Stress gradients in fretting fatigue

Abstract

This thesis is part of an international research program (IRG Cognac) initiated by the engine manufacturer SNECMA (SAFRAN group) involving ENS Cachan, UnB, ENSMA, CNRS, Snecma, Turbomeca et Messier Bugatti Dowty. The thesis focuses on the effect of a stress gradient in fretting fatigue. Fretting-fatigue refers to the damage process localized at the frontier of the contact between two contacting bodies subjected to fatigue loadings. The prediction of this phenomenon is of major importance in determining, for instance, the lifetime of fan's disc. In the vicinity of the contact front, the stress field inherited from the contact loads is maximal at the surface and displays a strong gradient from the surface. It was shown in this thesis, for a Ti-6AL-4V alloy, that local approaches, based on local stresses at the most critical point, are not appropriate to predict fretting fatigue lives. As a matter of fact, short cracks initiated at the most critical point may stop if the stress decay from the surface is strong enough or may continue their growth, up to the failure of the component, if the stress gradient from the surface is not string enough.
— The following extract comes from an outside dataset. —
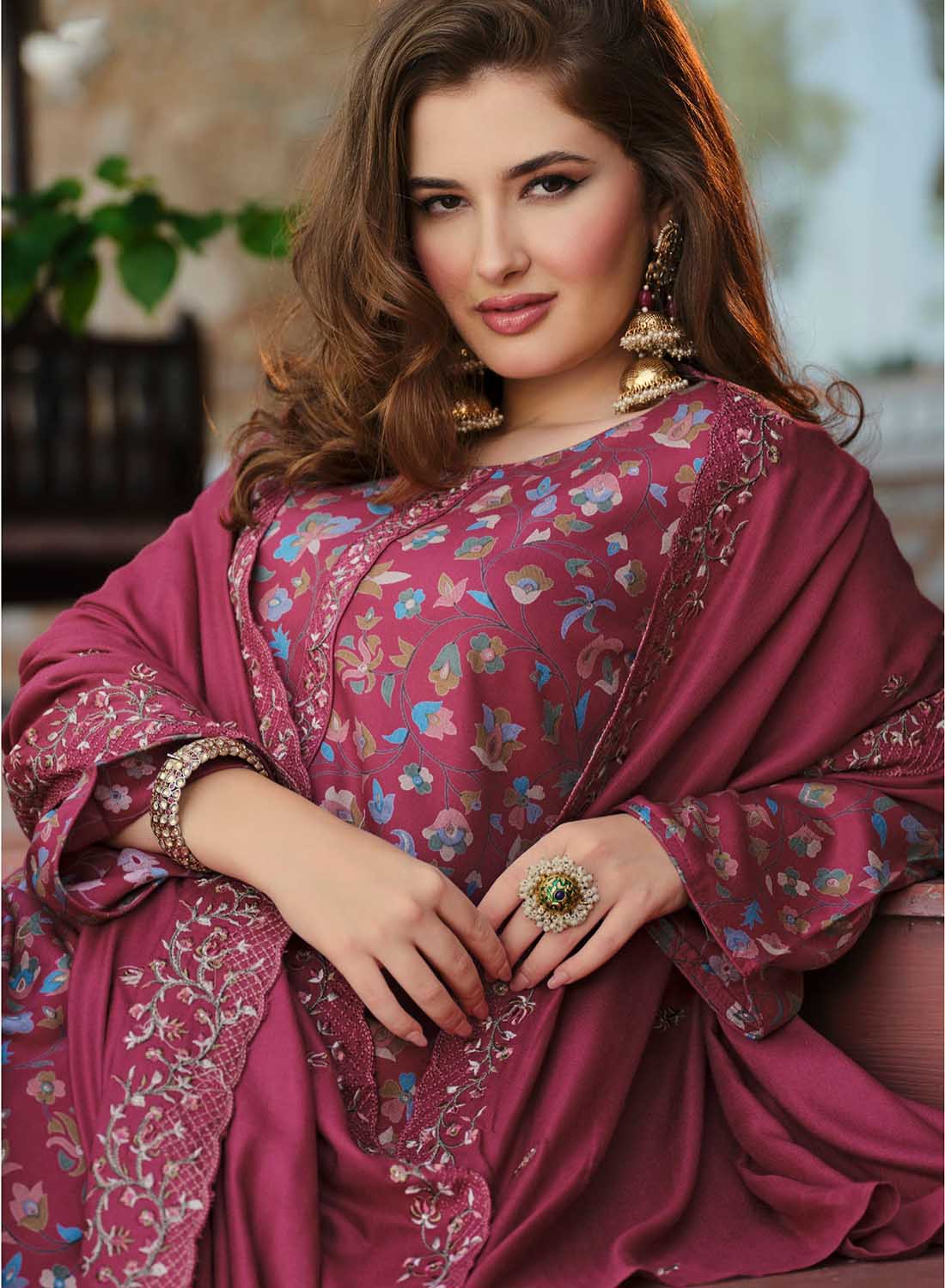 Dark Pink Pure Viscose Pashmina Unstitched Winter Suit Material for Women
A second difficulty is the multiaxial and non-proportional nature of the loading conditions. Fatigue-fretting stems from the combination of loads that have neither the same spatial distribution nor the same time-dependency. In fretting-fatigue tests, three loading components are considered, the fatigue loading of the component (cyclic), the normal part (assumed to be constant) and the in-plane part (cyclic) of the loads between the two contacting components. To quantify the effect of the stress gradient, tests were carried out on a fatigue testing contact bench developed at the University of Brasilia, with experimental conditions ensuring different stress gradient while keeping the maximal stress the same. Damage mechanisms were studied using post-mortem analysis and optical microscopy on the contact elements tested. The prediction of the fretting fatigue life was done using different approaches. The first one is based on the Critical Distance Method and a fatigue criterion. The second is based on a K-based short crack arrest method. Finally, a new criterion was proposed. This method considers a generalized von Mises yield criterion for the crack tip region and accounts for the T-stresses in the asymptotic LEFM development.